There's a few other gameplay quirks...
One thing of note: you can't jump. Aside from cutting down on your evasive maneuvers, one weird side-effect is that you automatically step up or down 1-square-height difference steps. For any step-ups bigger than that, you'll need to use the ladders.
Another odd thing is that most gaps and holes in the platform are just there for the spheres to bounce through, but you can't fit through them:
You can't walk under things unless they're more than four or five "squares" tall (for example in the ladder picture above, you can't walk UNDER those two green blocks).
Also you can't fall through gaps unless they're more than 2 squares wide (in the picture below, you walk OVER those two-square-wide gaps without falling in).
There's also some weird animal-ish enemies that show up from time to time...but it's unclear who's side they're on. Some just run around the top of the screen to give you some point-generating target practice...
But surprisingly few of them actually kill you if you hit them. For example, if you bump into these firey guys, they just "stun" you for a few seconds, making your gun not work. You CAN destroy them, if you shoot them a few times...but should you? Who knows!
Meanwhile, sometimes alligators waddle through, and counterintuitively these guys are even MORE helpful than the firey fellows: not only can you walk by them with no penalty, but they'll eat any spheres that they run into, saving you the trouble of having to bust the spheres yourself!
Seriously, what's your deal, Child-Like Alligator Being -- are you my would-be friend? My bitterest but most incompetent enemy? WHAT SECRETS DO YOU HIDE!? If only this game had a whistle; I bet Bennie the Cab would make you talk!
Well, anyway..
In tour mode, you just keep going until you lose all your lives and continues. Each time you die, the bubbles reset to their initial positions and you have to play the level again. When you lose all 3 of your lives, if you still have one of your (5? 6?) continues left, you continue on the same level; though your point total resets, and more importantly your collection of Fruit (ten of which give you an extra life) resets as well.

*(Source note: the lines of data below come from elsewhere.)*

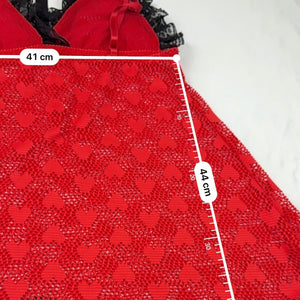 Red mesh see trough babydoll mini dress (L)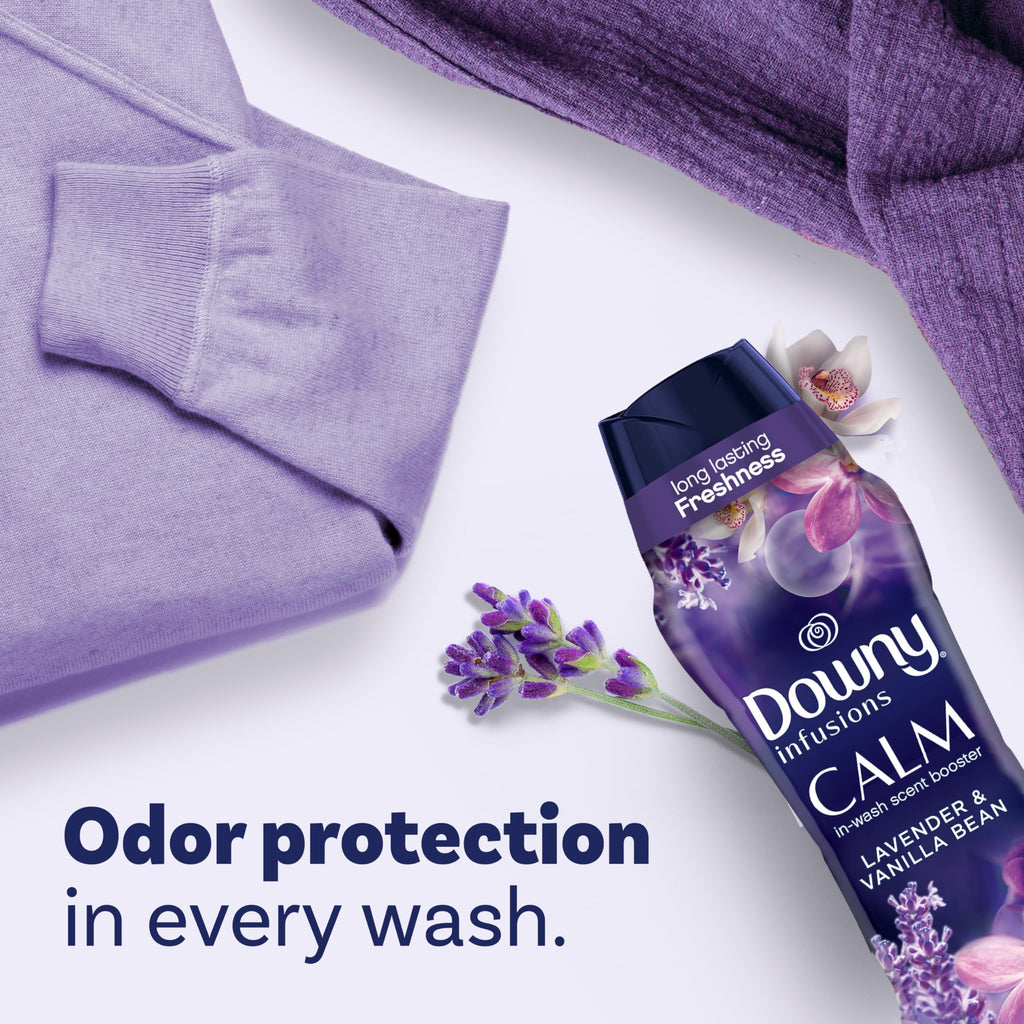 Downy Calm In-Wash Laundry Scent Booster Beads, Soothing Lavender and Vanilla Bean scent, 30.1 OZ, laundry scent beads, Long-lasting Freshness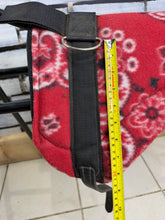 Load image into Gallery viewer, Tiny Fleece Shetland/Pony Pad Saddle -Complete with Girth &amp; Stirrups- Red Print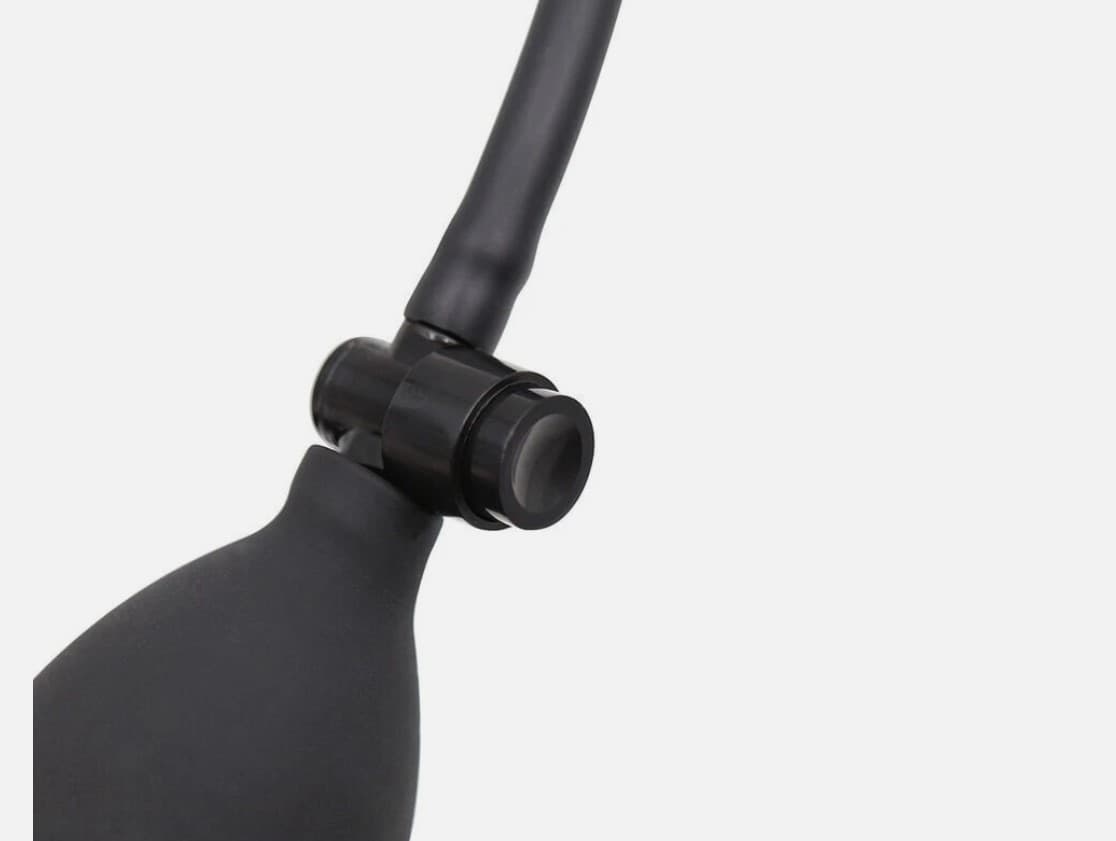 ÖHMAMA! Plug Anale Gonfiabile Nero 15,4 cm con Pompetta Manuale BDSM - 2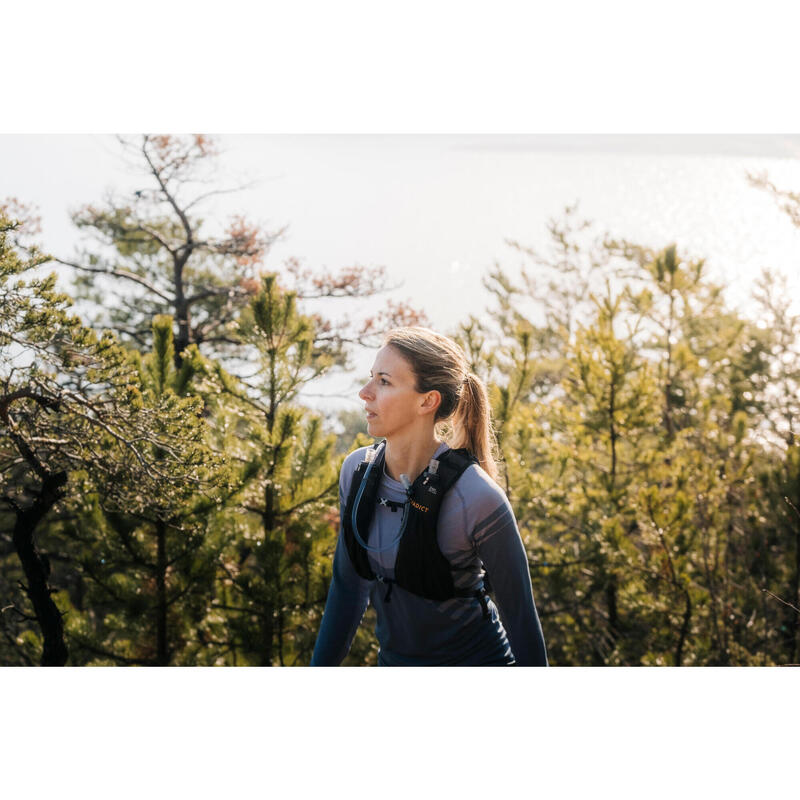 Softshell-Laufshirt langarm Trail Damen grau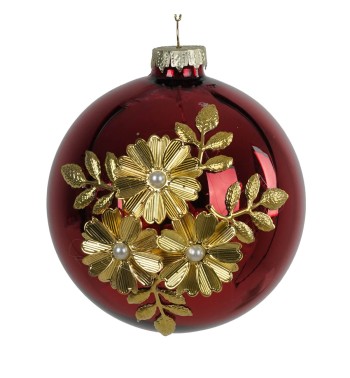Pallina di Natale in Vetro Rosso con Fiori Dorati D.10 cm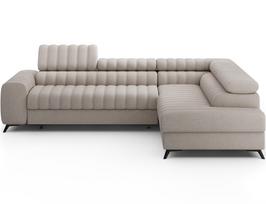 Kampinė sofa Kanedo, tamsaus smėlio spalva, dešininė, 204 x 269 cm x 86 cm
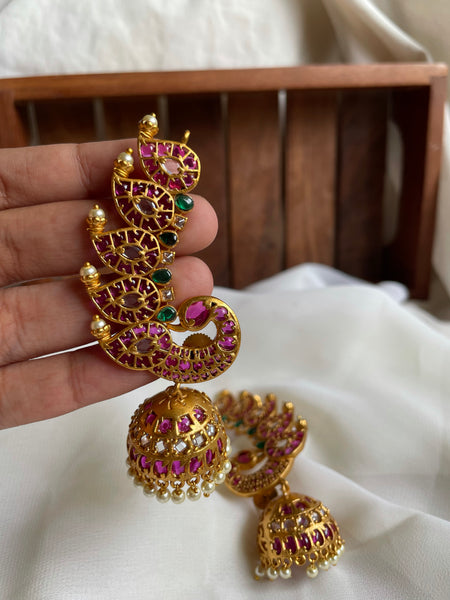 Kemp peacock Earcuff Jhumkas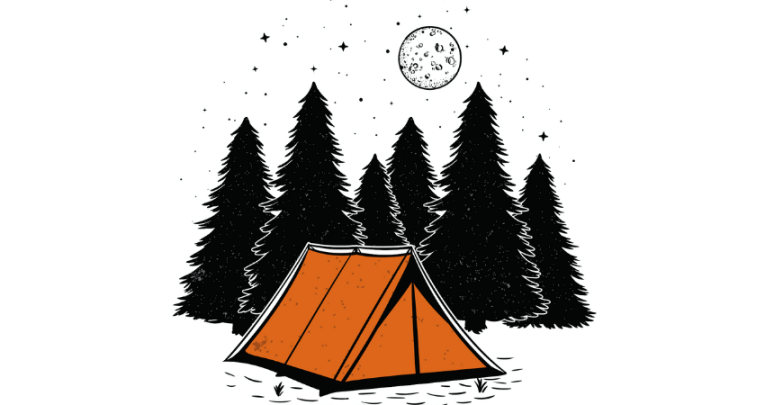 Camping illustration representing residential trips for schools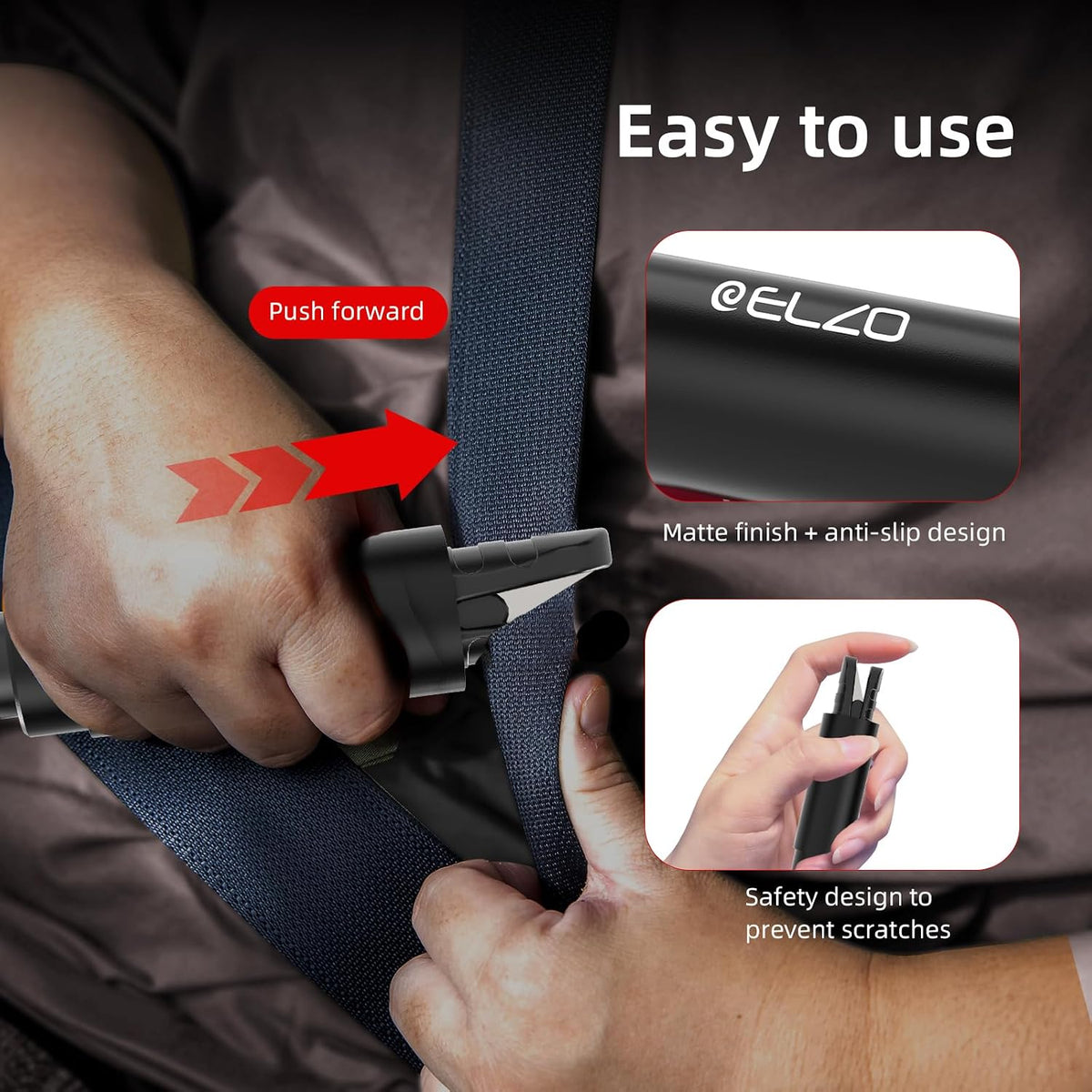ELZO 3 Pack 2 in 1 Car Safehammer Seatbelt Cutter and Survival Whistle, Safe Hammer Glass Breaker Transparent Lid Window Breaker Underwater, Car Safety Hammer (Safety Hammer + Emergency Whistle)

As you make progress you eventually get some extra-special super-duper positive feedback for ridding an entire continent of all its beachballs:
...then you keep going.
That's just good clean fun!
Overall it's a pretty decent little blast-em-up; I guess it gets points for being an arcade-y action/semi-puzzle game which has nothing to do with Tetris.
There's enough going on that it'll keep you occupied, there's very few levels that set you up for immediate failure...though there's a few that suck that way (and ironically, some of the worst levels have NO walls whatsoever -- they just start with a whole screen-full of balloons dumped on you).
Also it's kind of cute how each level has a picture of the country in question...and as you get to later countries that have more and more levels, you get "morning, evening, night time" etc versions of the same picture.
And oddly enough, another thing that keeps it light-hearted is that you don't carry over your weapon or item power-ups from level-to-level (or from life-to-life, but very few games do that).
Though many of the power-ups are quite good, it's usually (always?) predetermined which one will come from which sphere or destructible wall in each you don't need to obsess over hanging on to the Spread Gun or Forcefield because you're going to lose it before the next level anyway.
Yes, overall, a pretty acceptable little game...
Pretty fun, not much depth to it, and it probably wouldn't take too long to get good enough to win the world tour.
But there's just one thing that bothers me: ONE THIRD OF THE TITLE IS INACCURATE!
Since there's no Two-Player mode, this game only contains one "Buster Brother" -- why is the game called "Super Buster BROS"?!
Let's see if Pitfall Harry knows the answer!
"Forget the Buster Brother(s), I'm hangin' with M.C. Kids!"